Reading Time: 3 minutes

Rating: 4.5 out of 5.

Compagnie Maguy Marin triumphs with May B, their physical interpretation of Beckett

Imagine yourself sitting inside Sadler’s Wells, enveloped in absolute darkness and serenity. A baritone voice begins to hum Shubert’s art songs filled with suspense and sorrow. Suddenly, your hearing becomes extraordinarily sharp, almost as keen as a beast’s. You hear someone coughing, someone sighing, and another zipping up their jacket. You feel a bit annoyed: is the audience always this loud and noisy? This sensation creates awareness and alienation: you belong to a group sharing the same state—the audience—yet it is you who feels that such state is disturbing, preventing you from enjoying the show. You are alone.

This peculiar and uncanny feeling of being-alone-in-common subtly echoes the show’s explicit nod to Samuel Beckett, a writer known for exploring absurdity, existentialism, and the human condition. Premiered in 1981 with choreography by Maguy Marin, May B ingeniously re-examines Beckett’s legacy, together with the show’s own thinking on spectatorship through fluid physicality and a seamless incorporation of music.

With an ensemble of ten (Kostia Chaix, Kaïs Chouibi, Lazare Huet, Daphné Koutsafti, Antoine Laval, Louise Mariotte, Lisa Martinez, Alaïs Marzouvanlian, Isabelle Missal, Ennio Sammarco) all wearing pale, ashen makeup with dark hollow eyes, May B keenly displays strong self-reflexivity on its relationship with the audience. The ensemble sometimes stares at the audience for more than a minute in absolute darkness and silence (usually, such eye contact requires shared-light). Other times, they swear at the audience with meaningless sounds. There’s also a moment where the audience are fooled around: a mini “interval” where most of the audience start to applaud, thinking the show is over.

However, this playful teasing is kind rather than genuinely “offensive” or aggressive. By the end of the show, the swearing even feels familiar and endearing, signifying a connection that has been built. During the curtain call, the ensemble does not dispel such aura and magic, lingering on the audience with their gazes. This connection intriguingly echoes the line from Endgame: “Finished, it’s finished, nearly finished, it must be nearly finished”, which not only indicates a Beckettian scene of endless repetition but also the tantalising relationship between performers and spectators.
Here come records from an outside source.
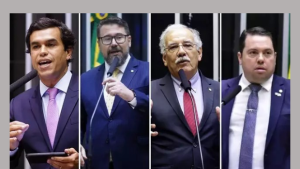 Quatro deputados de MS votaram por impeachment de Alexandre de Moraes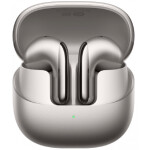 Xiaomi Buds 5 Bluetooth Handsfree Ακουστικά με Αντοχή στον Ιδρώτα και Θήκη Φόρτισης Titan Gray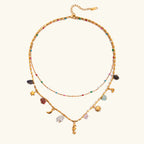 Marisol Coastal Charm Layered Necklace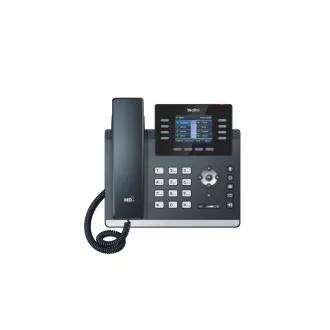 Yealink SIP-T44U Telefon SIP, PoE, 2,8" 320x240 LCD, 21 vrstic, 2xUSB Yealink SIP-T44U Telefon SIP, PoE, 2,8" 320x240 LCD, 21 vrstic, 2xUSB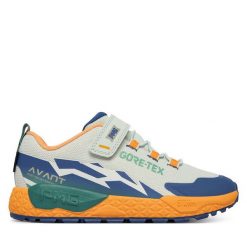 Sneakersy Primigi. Szare trampki i tenisówki chłopięce Primigi, bez wzorów, bez zapięcia. Za 399.99 zł.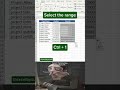 Excel Formula to Track Deadlines Automatically | Days Left or Overdue Highlighted #excel #exceltips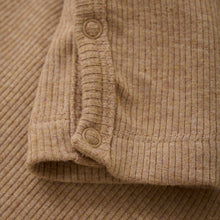 Load image into Gallery viewer, Butterscotch Ribbed Coverall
Of course, this does not mean their physicality is overshadowed. The ensemble continuously showcases intense physicality and incredible synchrony with a Lecoqian methodology. The show can be roughly divided into three parts: a straightforward (perhaps a bit blunt for a British audience) orgy presentation accompanied by the carnivalesque music of Gilles de Binche, fighting scenes echoing Schubert’s compositional legacy, and a final repetitive, looping farewell featuring Gavin Bryars’ “Jesus’ Blood Never Failed Me Yet”, implicitly dedicated to Waiting for Godot. The ensemble maintains great synchrony even without music or a beat, requiring them to count their own beats to remain consistent and uniform, which is actually extremely difficult. Compagnie Maguy Marin again illustrates the adeptness and prowess of French physicality.
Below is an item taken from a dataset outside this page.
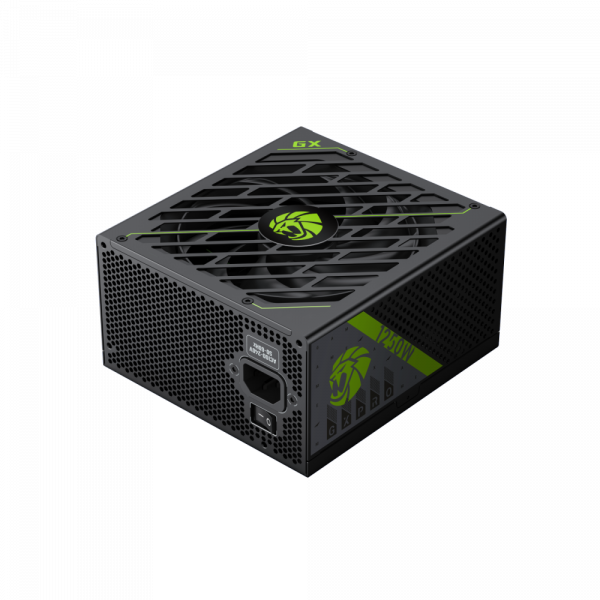 GAMEMAX   ATX 1250W, 80+ Platinum ,fan 135mm,f ully modular OTP, OCP, SCP, OVP, UVP, OPP GX-1250 PRO BK(ATX3.1PCIe5.1) -  2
The entire design is minimalistic and neat, with a simple standing blackboard and three doors possibly signifying a prison. This image is reinforced in a scene where the ensemble moves slowly in a circle after hearing the sound of a whistle. Don’t try to figure out a precise “narrative” or symbolism; otherwise, you might get lost. Instead, focus on the flow and the rhythm that echoes Beckettian repetitive, cyclic nature—try to écouter their bodies.

Louise Marin designs the beige, earth-toned costumes for two-thirds of the show, hinting at the dancers’ status as prisoners. These costumes transform into working-class clothes with suitcases in hand in the final part of the show, another tribute to Beckettian characters who are always waiting, enduring, and heading somewhere else. Personally, I would appreciate it more if all the music were live, including the baritone, but it is also understandable if the company’s emphasis is solely on their bodily presence and physicality.